Q: Why give away your most precious possessions, like your art collection?
A: You can't keep everything for yourself. If you're fortunate enough to make a lot of money, you need to share with others who aren't as lucky. It's OK to help people who have nothing. There are people who with nothing are happy. . . . I see people with grave problems and all they need is $10,000 to take care of it. I give them the $10,000 and their problems are gone. It's fantastic.
When someone has the good luck of making money and they can help people solve problems that seem like mountains with a small effort, that's marvelous.
I feel a great pleasure doing that. . . . With such little effort, you can do a lot. Obviously, the truth is, generosity is when someone gives what they most want. . . . My collection was something I cared about a lot. But at the same time, I feel great pleasure knowing that all these people can see these paintings and at the same time help my country.
I used to wake up every morning and see a Monet by my bed. That gave me great pleasure. But now it is seen by so many people, so many poor people, 1,000 of them a day. It's one pleasure for another.
Q: What keeps you painting every day?
A: Painting is a habit, a passion. I've been a professional artist since I was 17 years old. I've made my life as a painter. I do it first and foremost for pleasure. When I started painting, part of my interest was to make a living as an artist because I had to pay the rent. I didn't come from a family with money.
First you make your living, but now that I don't need it, it's the passion that drives me. Since I see it from the point of view of admiration that I have for the great masters and the history of art, it's something that doesn't have an end to what you can learn about art. Every day, you can learn a little. And that desire to learn more keeps you involved with painting. It's a curiosity to see what you can accomplish.
When I go to the studio in the mornings, I don't know what I'm going to do. I have an idea. But doing it, seeing it in front of me, I see something that I didn't see before. That curiosity to see what you can create is wonderful.
Q: How do you want to be remembered?
A: Obviously, I want people to remember me as a painter and sculptor. Of course, I want my works to endure, that they be appreciated tomorrow and beyond. That's a desire for every artist. And well, yes, that's a natural desire.
Q: Do you want to be remembered as a philanthropist?
A: No, not really as a philanthropist. My interest most of all is in my work.
I should say I'm publicizing this because if you don't tell the story, nobody will tell it. Otherwise, it's easy to be generous. People think being generous is difficult. But it's not. It's about making decisions and making a phone call. You can do so much just by making a decision and picking up the phone. Two phone calls can accomplish a lot of good if I really want to help.
Philanthropy is part of my life today, but my interest is that my works as a painter and sculptor endure beyond my lifetime.
Q: Where did you learn the tradition of giving? Isn't philanthropy uncommon in Latin America?
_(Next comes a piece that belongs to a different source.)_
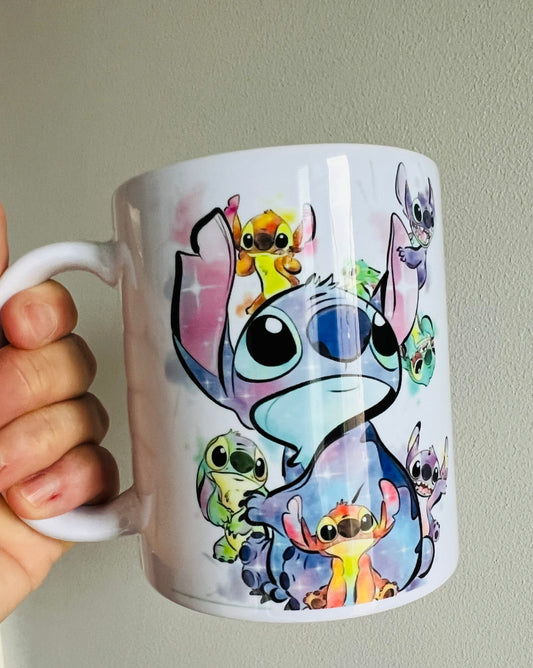 11oz watercolour blue alien mug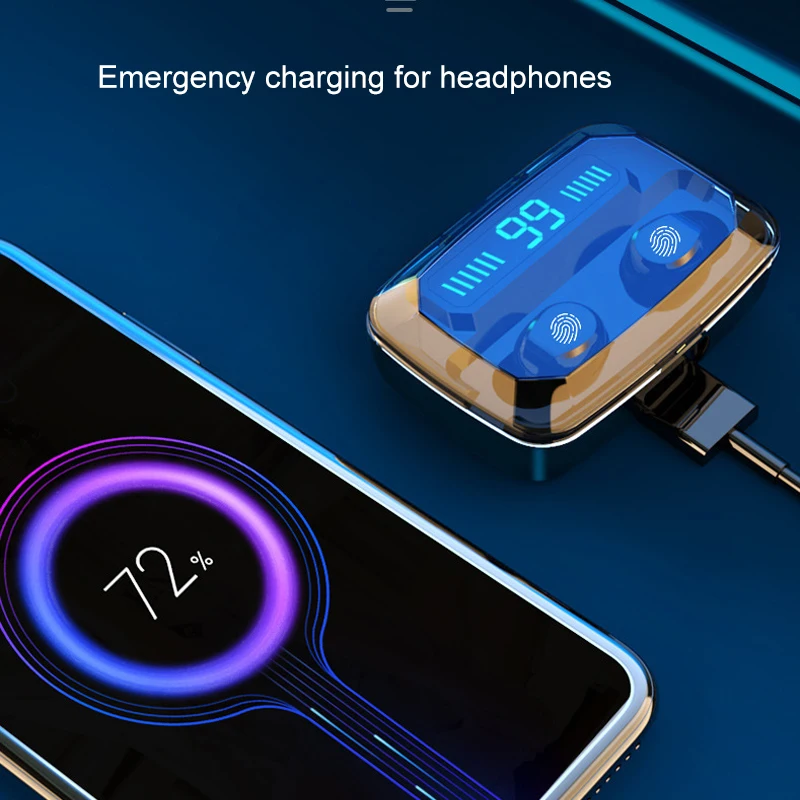 Светодиодный Bluetooth наушники 9D стерео беспроводные наушники мини беспроводные наушники гарнитура с 3500 мАч Внешний аккумулятор наушники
A: It doesn't exist. Very few people give in Latin America. The country is there to help the person but not for the person to help their country. . . . I don't know if I learned it. I've lived outside Colombia for 50 years. . . . So I have an idea of life that's a bit different than the person who has lived there all his life.
People want to see their dreams realized. They want to see their country have things, and to help its poorest people.
Throughout all the United States, where there is a lot of philanthropy, I guess I learned it here. I don't know. There's no tax deduction. I don't do it for that. I do it because it gives me pleasure. You just tell them what to do. That's an idea of power. I imagine that politicians have it.
Another part of the pleasure of giving is that you can execute your desires. That's important. It's power in a certain way.